History

United Kingdom
- Name: RFA Fort Langley
- Builder: Victoria MD, Victoria
- Launched: 31 October 1944, as Montebello Park
- Completed: 18 May 1945, as Fort Langley
- Decommissioned: February 1970
- Stricken: 1970
- Fate: Sold for scrapping, 1970

General characteristics
- Tonnage: 7,263 GRT; 4,018 NRT; 7,543 t DWT;
- Length: 441 ft 6 in (134.57 m)
- Beam: 57 ft 2 in (17.42 m)
- Draught: 27 ft (8.2 m)
- Propulsion: 1 × 3-cylinder triple expansion steam engine, 2,500 ihp (1,864 kW); 1 shaft;
- Speed: 11 knots (20 km/h; 13 mph)
- Range: 11,400 nmi (21,100 km) at 10 kn (19 km/h; 12 mph)
- Complement: 115
- Armament: World War II :; 1 × 4 in (100 mm) gun; 8 × 20 mm AA guns;

= RFA Fort Langley =

1945 Fort-class stores ship of the Royal Fleet Auxiliary

RFA Fort Langley (A230) was a stores ship of the Royal Fleet Auxiliary.

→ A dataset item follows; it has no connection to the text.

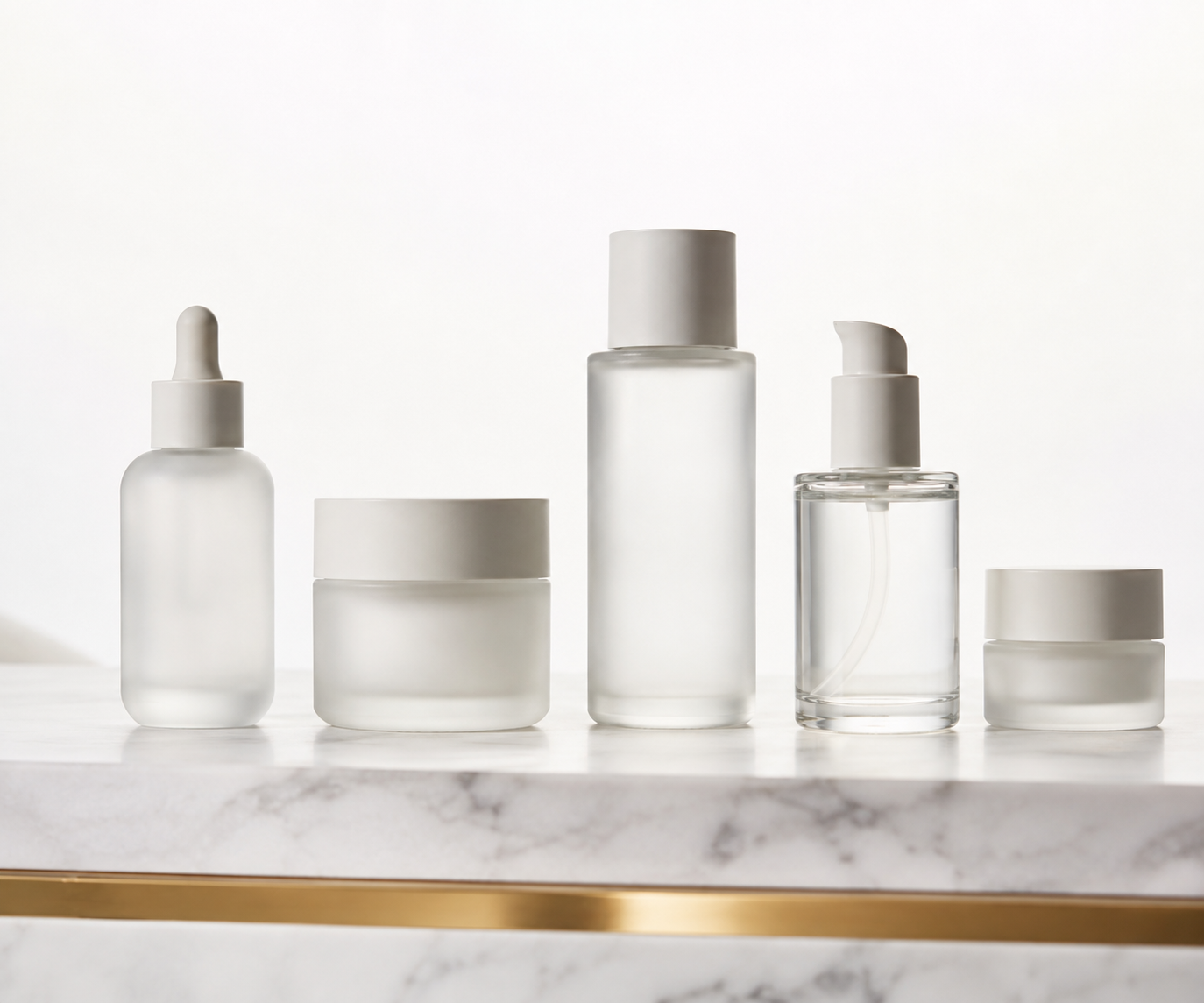 Frascos sem rótulo lado a lado na pia LoveSkin, simbolizando a seleção das marcas do Crivo LoveSkin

The ship was launched on 31 October 1944 as Montebello Park by Victoria MD in Victoria, British Columbia, Canada. She was completed on 18 May 1945 as Fort Langley for the Ministry of War Transport as an Air stores issuing ship under the management of Alfred Holt and Company. Transferred to the RFA in May 1954, she was decommissioned in February 1970, and laid up at Devonport. Fort Langley arrived at Bilbao for scrapping on 21 July 1970.

Fort and Park ship were the Canadian equivalent of the American Liberty ships. All three shared a similar design by J.L. Thompson and Sons of Sunderland, England. Fort ships had a triple expansion steam engine and a single screw propeller.